ゲノム解析によるアプローチとして、共通ドライバー変異 (EGFR、KRAS、BRAF等) の有無が系統判定に用いられてきたが、先行複数研究において原発巣と転移巣間の変異一致率が0%から86%まで広く変動することが報告されており信頼性に問題がある。特に「フィールド癌化 (field cancerization)」仮説は、肺上皮全体が共通の発癌刺激に曝露されることで同一のホットスポット変異を持つ独立した腫瘍が並存しうると予測しており、同一変異の共有が必ずしも転移の証拠とはならない問題が指摘されている (Pao et al. NatMed 2012)。また既知ドライバー変異が全く検出されない肺癌が約50%存在し、NGSパネルによる系統判定が情報を提供できないケースも少なくない。大規模ゲノム検査の臨床的適用可能性については先行研究が評価してきたが (Meric-Bernstam et al. JClinOncol 2015)、多発肺腫瘍の系統判定に特化した体系的な大規模コホート研究は手薄であった。

体細胞染色体再配列から得られるjunction breakpointは各腫瘍に高度に固有なゲノムマーカーであり、同一のjunctionが異なる患者の腫瘍に生じる確率は理論上極めて低い。MPseq (mate-pair sequencing) を用いた先行パイロット研究 (n=11例) でその有用性が示唆されていたが、より大規模なコホートでの検証が不足しており、組織病理学的評価および臨床NGSパネルとの体系的比較というgap in knowledgeがあった。

目的

体細胞染色体再配列のjunction breakpointを利用したMPseqが多発NSCLC (non-small cell lung cancer; 非小細胞肺癌) における腫瘍系統判定 (独立原発 vs 転移) において従来の組織病理学的評価および臨床肺癌NGSパネルに対してどの程度優位性を持つかを、先行パイロット研究 (n=11例) を拡張した37例コホートで検証すること。

結果

MPseqによる全腫瘍ペアの確定判定と組織病理学的評価との対比:MPseqはn=37例・全76腫瘍において系統判定に十分な数の体細胞junctionを検出し、全41腫瘍ペア比較で確定的な系統判定を達成した (不確定: 0例、達成率100%, 95% CI: 91.4-100%)。各腫瘍ペアで検出されたjunction総数は10から459 (平均140、中央値125) であった。代表的な3症例のゲノムプロットでは (Fig 1)、Lu131の2腺癌腫瘍間で染色体間転座を含む大規模なchromoplexy (少なくとも7染色体関与: 5, 12, 17, 19, 20, 22番染色体およびY染色体) が確認され転移と明確に判定された。Lu132では計16 junctionのうち6個 (38%) が共有され、染色体間転座2件 (4q35.2-Xp27.3間および3p11.1-9q33.1間) と染色体内再配列1件 (19q13) を含む体細胞junctionの共有が転移の証拠となった。Lu134では2腫瘍間で計435のユニークjunctionが検出されたが共有は0件であり、独立原発であることが明確に示された。

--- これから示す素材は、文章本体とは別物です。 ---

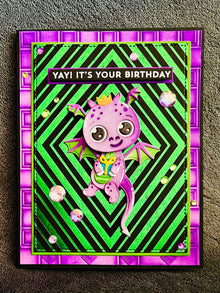 Dancing Purple Dragon Birthday Card: Interactive Whimsical Design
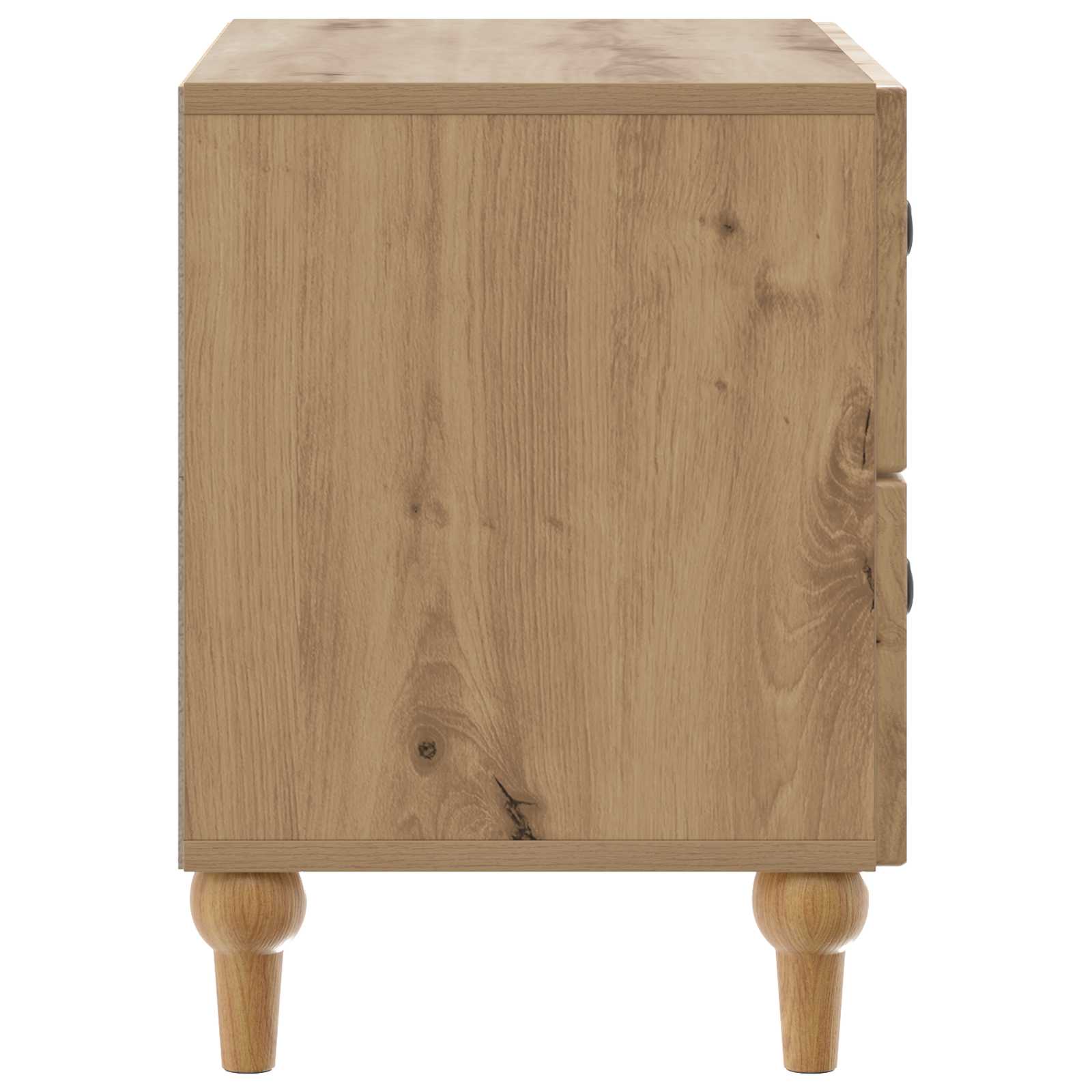 Nachtkastje Artisanaal eiken 62 x 34,5 x 48 cm Bewerkt hout is nu te koop bij PeponiXL, paradijselijk wonen!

これに対し、組織病理学的評価では24ペア (59%) が独立原発、10ペア (24%) が転移と判定されたが、7ペア (17%, 95% CI: 7.2-32.1%) は2名の病理医の意見が一致せず「不確定」に終わり、MPseqの確定判定率100%と比較して統計的に有意な差を認めた (Fisher’s exact test p<0.01)。MPseq 100% (95% CI: 91.4-100%) vs 組織病理学的評価 83% (34/41) の直接比較では、MPseqが全例で確定判定に至るのに対し組織病理では7ペア (17%) が不確定に終わった。異なる組織型の8ペアでは組織学的評価とゲノム解析が100%一致した。同一組織型の33ペアでは9ペア (27%) でMPseqが組織学的評価と異なる判定を下した (Table 2)。病理医の組織型診断一致率は76腫瘍中74腫瘍 (97%) と高かったが、腺癌の優位パターンへの一致率は62腫瘍中46腫瘍 (74%) に低下した。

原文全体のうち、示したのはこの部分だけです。